Scaling Up and Down

One advantage of horizontal scaling in virtualized environments is that resources can be conserved by scaling the KumoMTA cluster up and down in response to sending patterns.

Note

Auto-scaling is a complicated subject that is not recommended except for those with extensive experience in autoscaling technologies. For most senders, the predictable daily sending patterns are adequate for scheduling scaling, with alerting when the cluster size is too small.

The most common install approach for scaling clusters involves Docker. For examples on deploying more advanced docker architectures, see https://github.com/KumoCorp/kumomta/tree/main/examples.

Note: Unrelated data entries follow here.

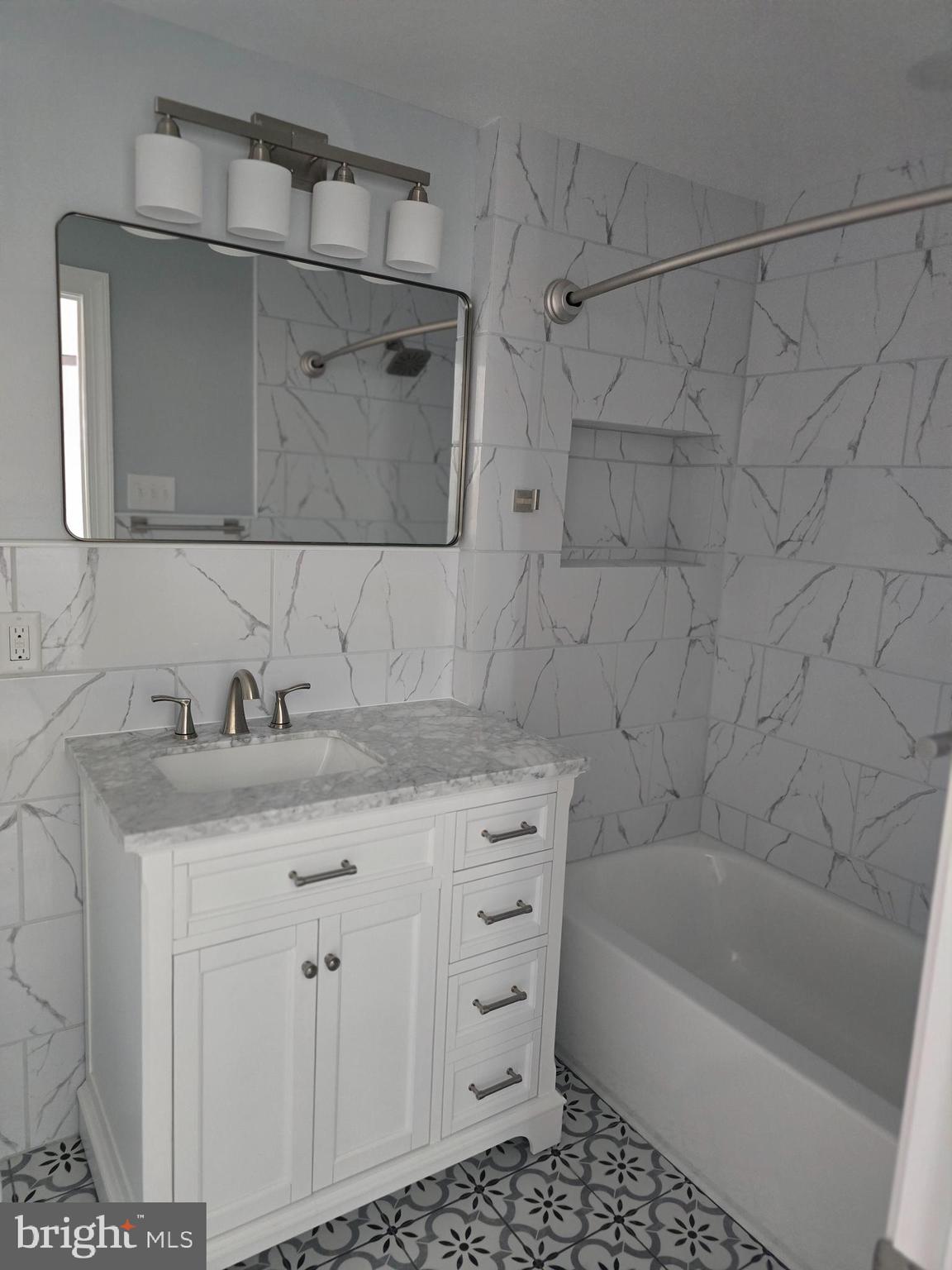 5925 Ridge Avenue, Unit 5 Philadelphia, PA 19128 - Photo 28 of 31 a bathroom with a granite countertop sink a toilet and bathtub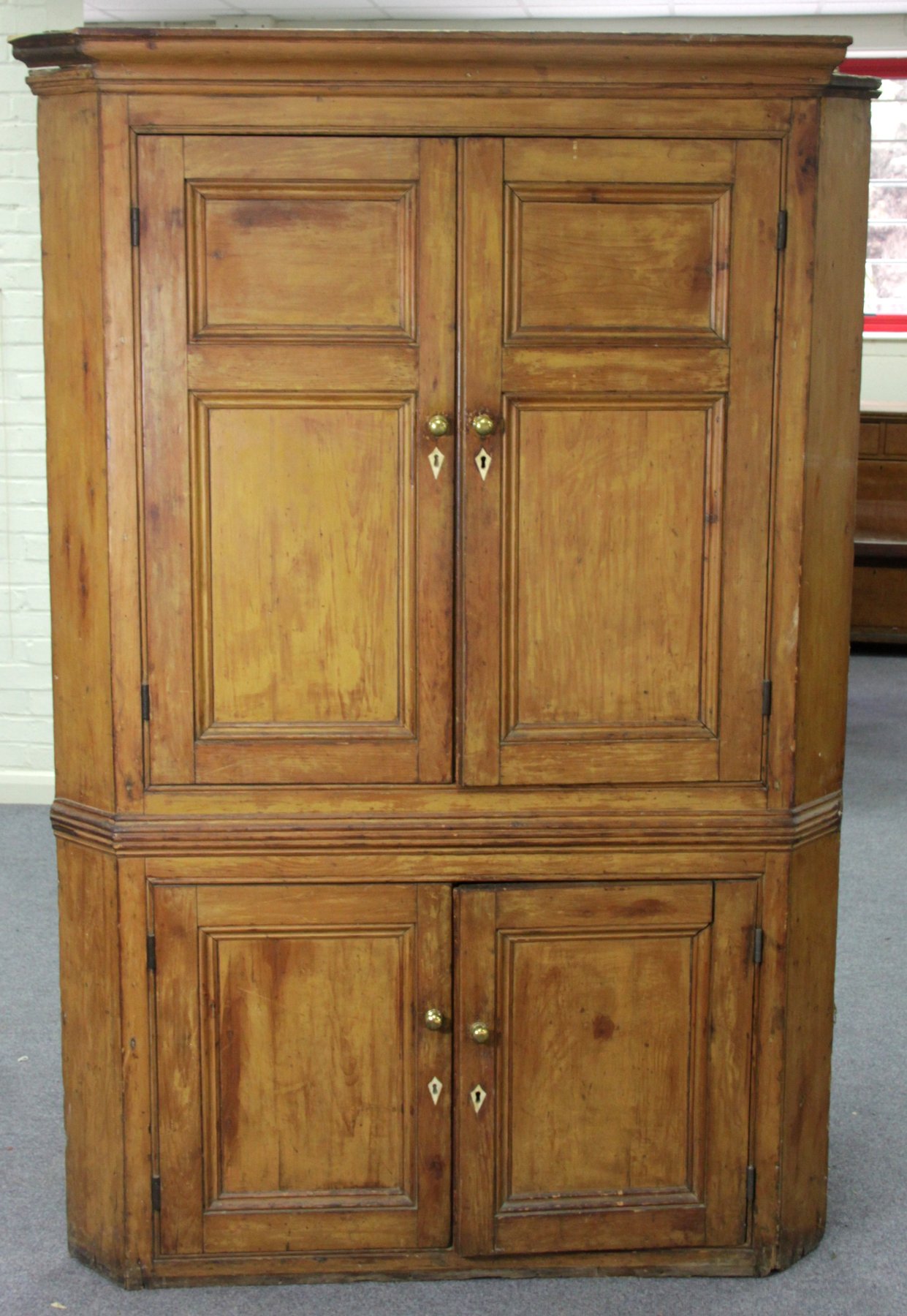 Appraisal: A th Century pine standing corner cupboard with panelled doors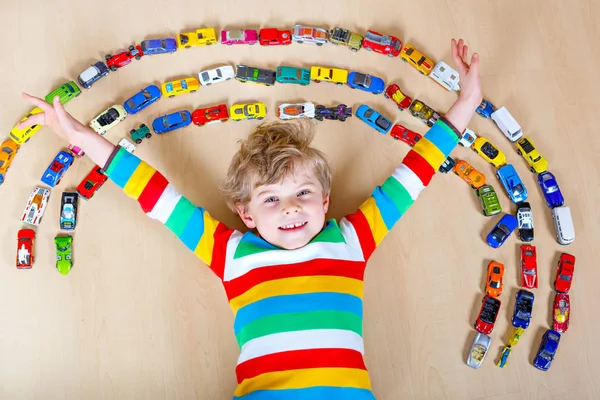 Cute little blond kid boy playing with lots of toy cars indoor. — Stock Photo, Image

While the exact implementation of a scaling cluster is up to the user and their tools of choice, KumoMTA offers several tools and APIs that can ease the process.

Monitoring Node Availability

When a node is brought online there is some time required for the node to become ready for message injection.

To check on the availability of a node, you can check the liveness API on that node:

curl -X GET "http://127.0.0.1:8000/api/check-liveness/v1"

A 200 response indicates that the node is available and ready to receive messages.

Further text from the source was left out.